Optum will finally get to integrate Change Healthcare into its OptumInsight (analytics, rev cycle, & data platform) arm, which did $12.2B in revenue in 2021 and ~$12.9B in the last twelve months ended June 30, 2022. Change Healthcare generated around $3.5B in revenue in its FYE March 2022 (seen above) but part of that will get divested as the judge ordered UHG to sell Change's ClaimsXten biz to TPG Capital for around $2.2B.

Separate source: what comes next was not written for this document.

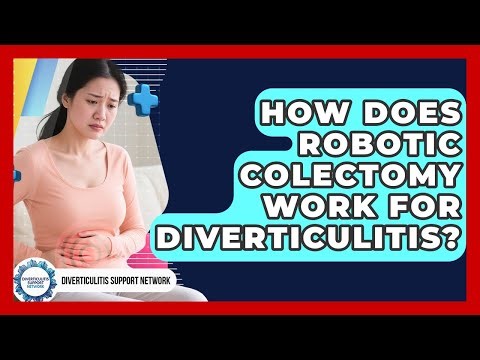 How Does Robotic Colectomy Work For Diverticulitis? - Diverticulitis Support Network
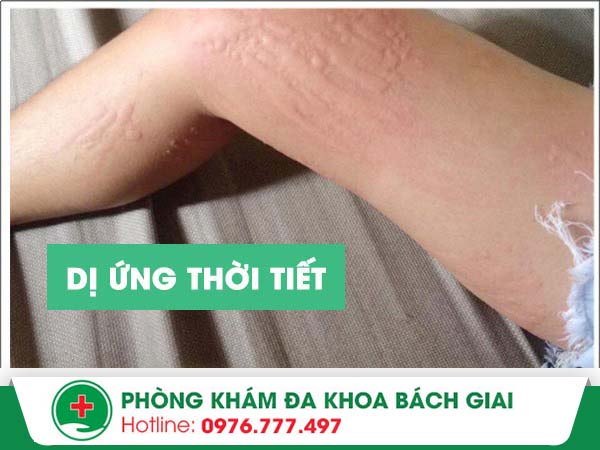 Mách bạn cách điều trị dị ứng thời tiết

Bonus! CareMax dives into MSO risk model with Steward Health Care
In one of the more significant value-based deals announced in 2022, CareMax announced the acquisition of Steward Health Care's Medicare Advantage business, comprised of 171,000 lives across 8 states. Announced June 1, 2022, the deal creates one of the largest MA-focused value-based platforms in the U.S. and closed sometime in the back half of 2022.
Deal structure: CareMax acquires Steward's MA service line (Steward VBC) for $135 million in cash and stock. The value-based player will now serve as Steward's exclusive management service organization (MSO) for Steward VBC.
Steward Gets: $25 million in cash, 21% CMAX ownership immediately, and up to 41% ownership in CareMax equity (if earn-outs are achieved). Steward also offloads $72 million in VBC A/R offloaded to CareMax, a very non-significant working capital value that CareMax is now funding.
CareMax Gets: Access to 50,000 MA lives, 112,000 MSSP lives, and 9,000 direct contracting lives, along with the opportunity to convert 830k+ additional members to risk, along with some of the best ranking and performing ACOs nationally. CareMax identified the transaction as a $1.6B to $1.7B revenue and $100M to $110M EBITDA opportunity (implied 6-7% margin) by 2025. The firm's total value-based footprint would jump to 2,000 providers across 200,000 senior lives in 30 markets.